Reform, though, was cautious and incremental, dependent on caucus support and union acquiescence. One impediment to faster progress was uncertainty as to the cost of Telecom’s universal service obligation. When he became minister, Ralph Willis, who was an economist, commissioned a study which showed that this was much lower than the sums Telecom habitually claimed. This, says Doyle, was a true breakthrough because it provided evidence that introducing competition into the sector to stimulate innovation was compatible with providing affordable community services, and so removed the core political risk in dismantling Telecom’s monopoly.

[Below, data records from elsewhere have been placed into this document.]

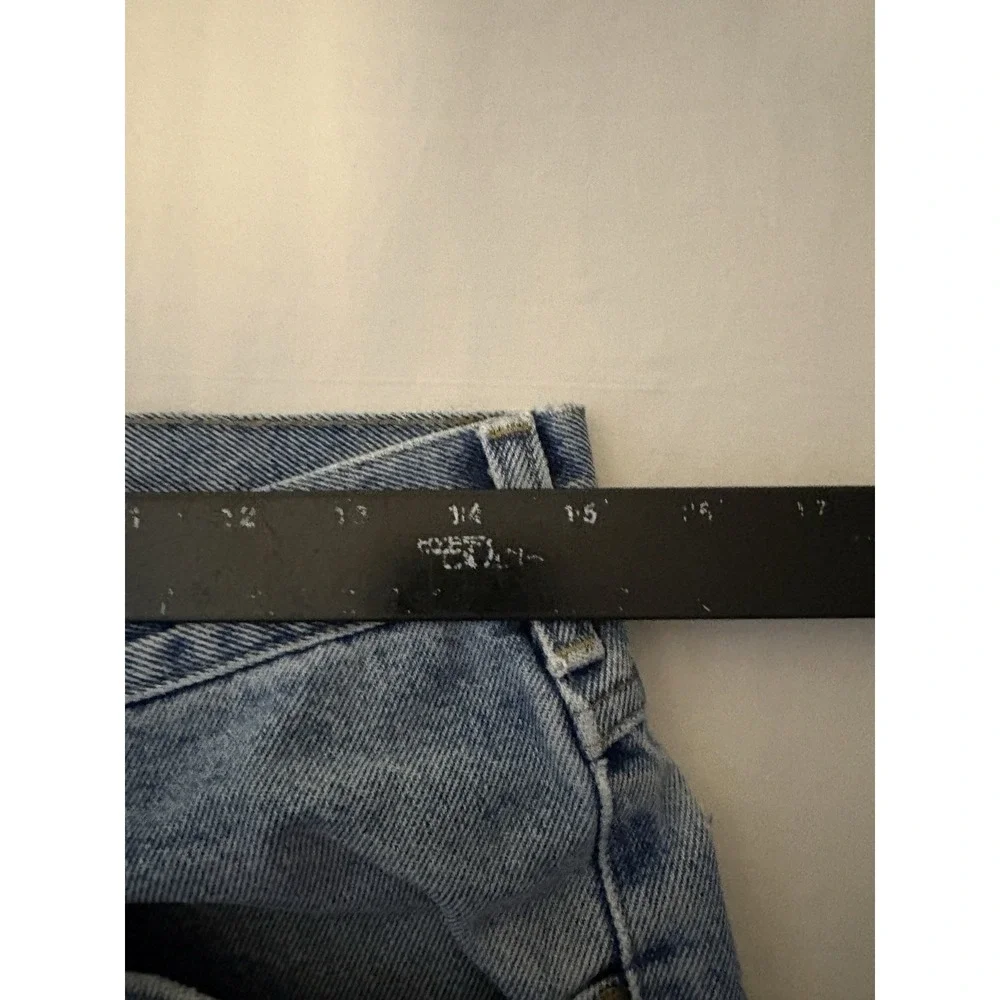Vintage Carhartt Denim Jeans Men's Size 31x32 Blue Relaxed Fit Tapered B17 DST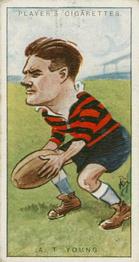1926 Player's Footballers Caricatures by Rip #50 Arthur Young Front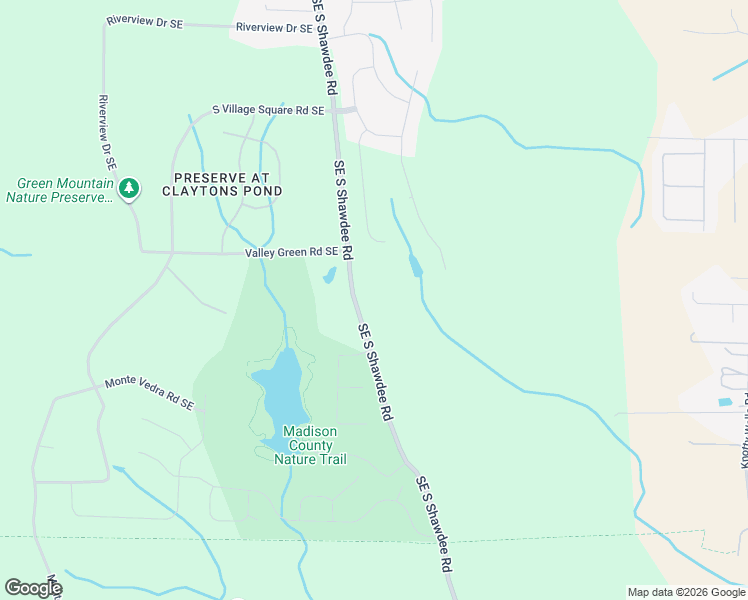 map of restaurants, bars, coffee shops, grocery stores, and more near 13313 South Shawdee Road Southeast in Huntsville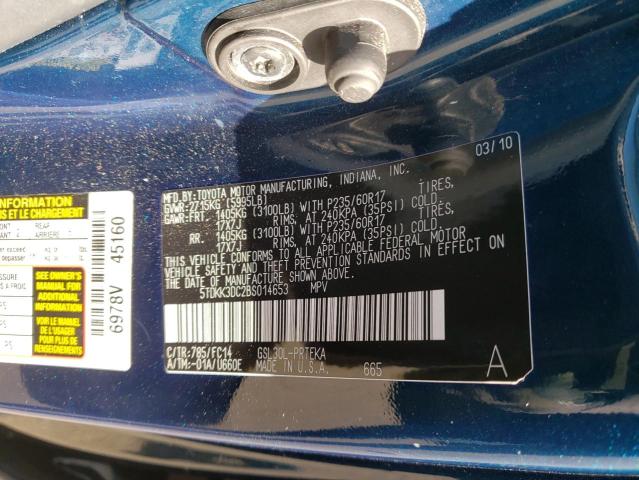 Photo 14 from auction – 2011 TOYOTA SIENNA LE with VIN 5TDKK3DC2BS014653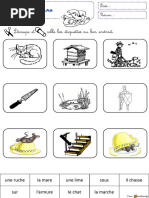Lecture de phrases simples pour CP | PDF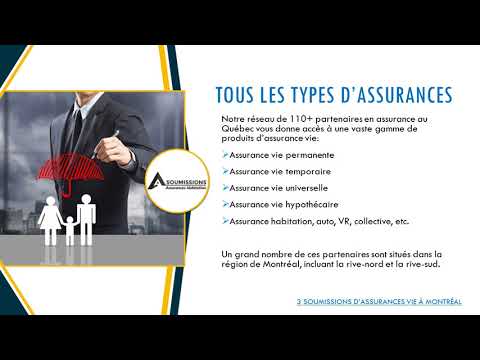 Comparez 3 Soumissions d'assurance vie à Montréal Comparez 3 Soumissions d'assurance vie à Montréal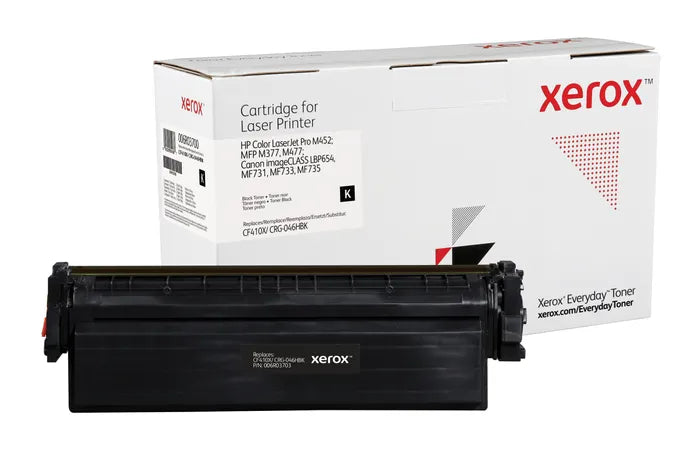 Tiner Preto Xerox equivalente a HP CF410X/ CRG-046HBK, 6500 págin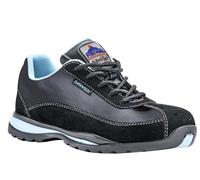 Portwest Steelite Women's Safety Trainer S1P HRO, Size: 37, Colour: Black, FW39BKR37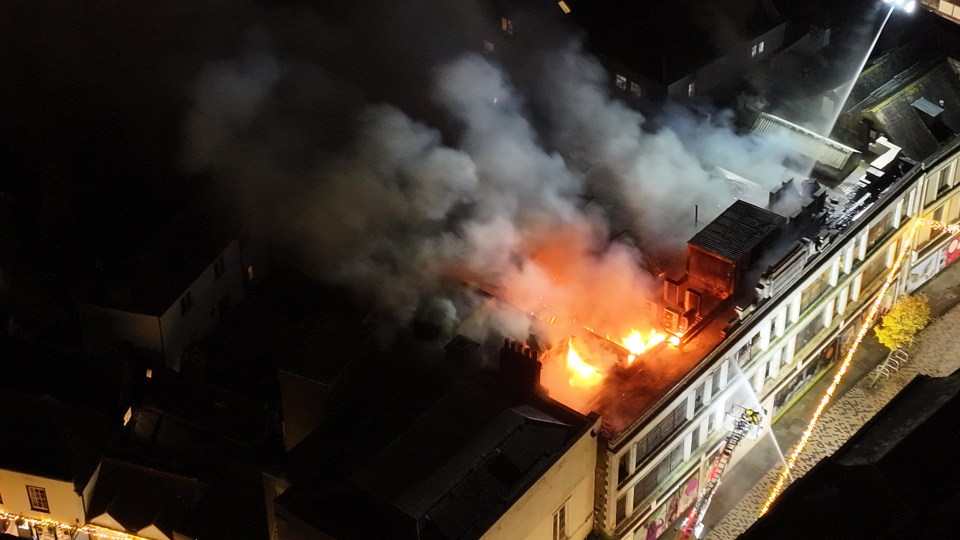 Cops continue to investigate a blaze in Canterbury's Debenhams store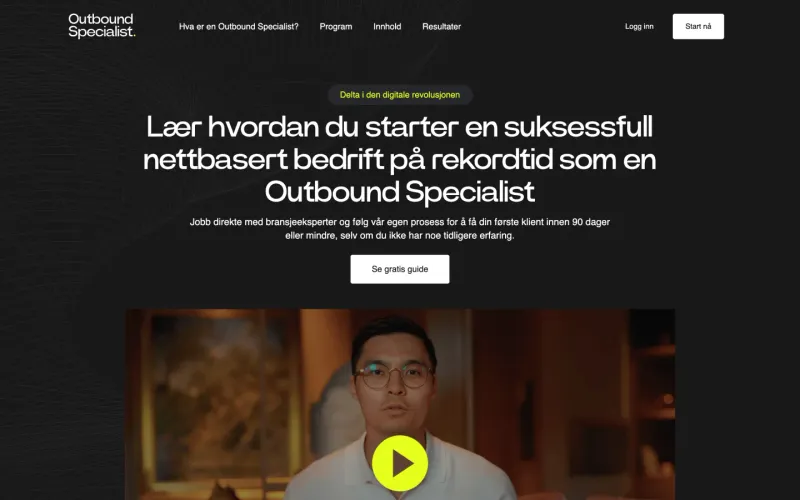 High-converting landing page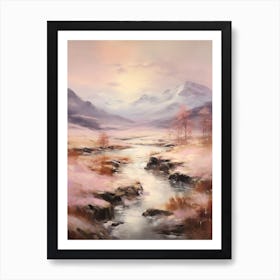 Dreamy Winter Painting Snowdonia National Park United Kingdom 1 Art Print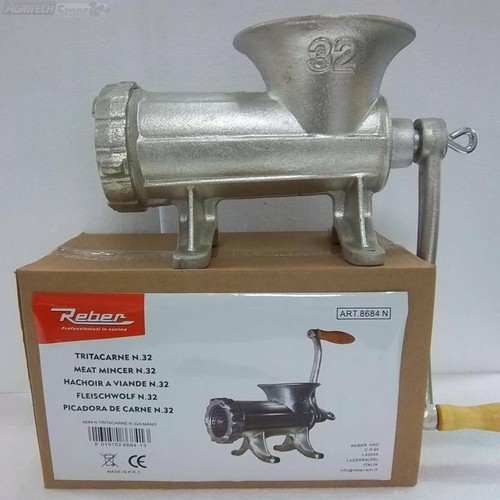Reber tritacarne manuale 32 - reber,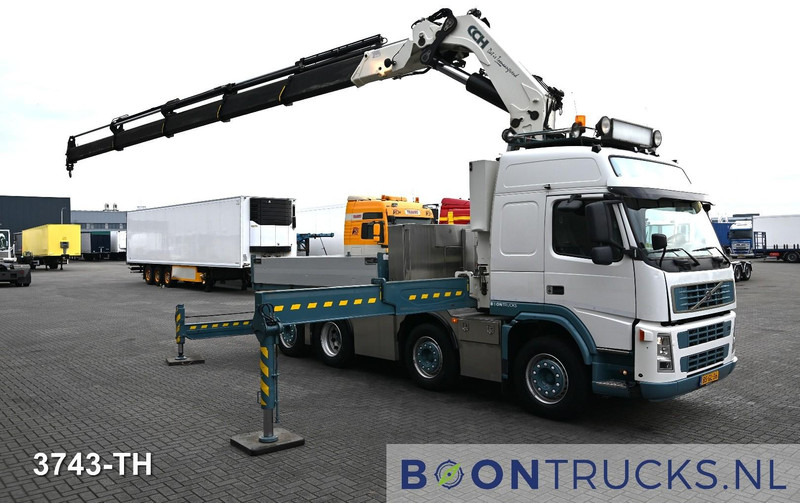 Volvo FM 480 8x2 R + HMF THOR 8520 K5 | 85 T/M CRANE * WINCH * MANUAL * NL TRUCK * TOP! - Tracteur routier: photos 3 Volvo FM 480 8x2 R + HMF THOR 8520 K5 | 85 T/M CRANE * WINCH * MANUAL * NL TRUCK * TOP! - Tracteur routier: photos 3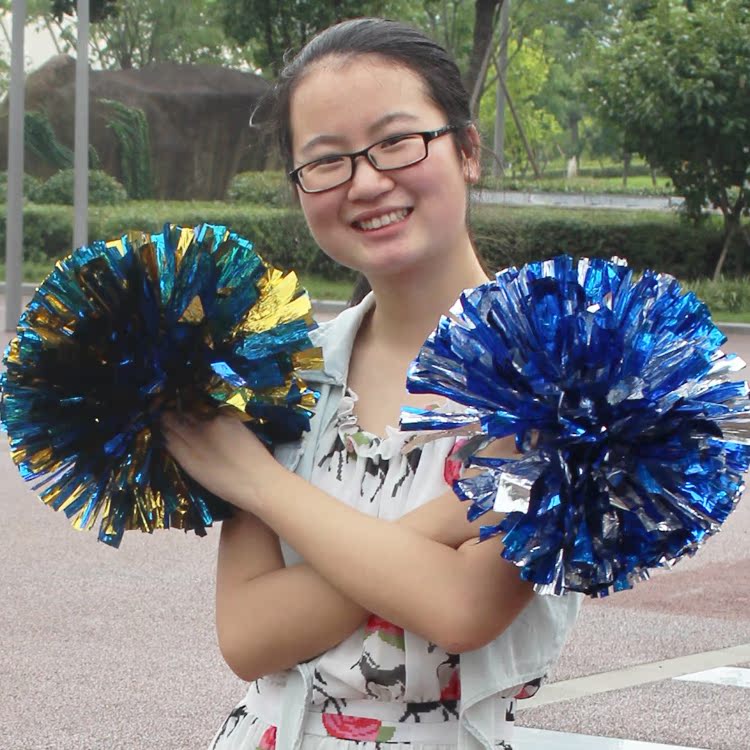 Hoa bóng cổ vũ tay hoa cổ vũ đạo cụ múa tay lấy hoa la la hoa bi la la bóng show hoa tay - Khiêu vũ / Thể dục nhịp điệu / Thể dục dụng cụ giày khiêu vũ nữ đẹp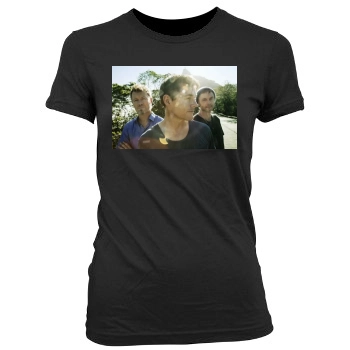 A-Ha Women's Junior Cut Crewneck T-Shirt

Doyle says that, from the late 1980s, the shift to full competition was probably inevitable, but that the timing and the model were uncertain. The model introduced by Kim Beazley in 1990 was built on strengthening Telecom to compete with a privatised Aussat. Optus bid successfully for Aussat, and in 1993 a third mobile provider, Vodafone, entered the market. The Opposition generally supported the government’s legislation, so long as it was moving in the direction of greater openness, flexibility and competition. Doyle ends his story there, but the stage was now set for the privatisation of telecommunications provision under the Coalition, though it had to spend big on rural Australia to allay fears about the weakening of the universal service obligation.
The book concludes with a brief look forward to the politics of the National Broadband Network (NBN), which awaits the sort of detailed investigation Doyle has given to earlier periods. He concludes that ‘Continuous disruption, whether technological or political, is the only real certainty in telecommunications reform’ (p. 210). I would put this slightly differently. Politics is not the main driver here. The continuous disruption is driven by relentless technological innovation to which politics has little choice but to respond as some stakeholders try to protect their interests and others to take advantage of new opportunities.
Telecommunications policy is a complicated and technical area. Doyle’s is the first book to look in depth at the policy changes set in train when Whitlam put reform of the PMG on the national policy agenda. Doyle writes well, without jargon, in straightforward, clear prose and the book has a comprehensive index. His book will be of great interest to those whose working lives were affected by these changes, as well as to others interested in the always challenging process of policy reform.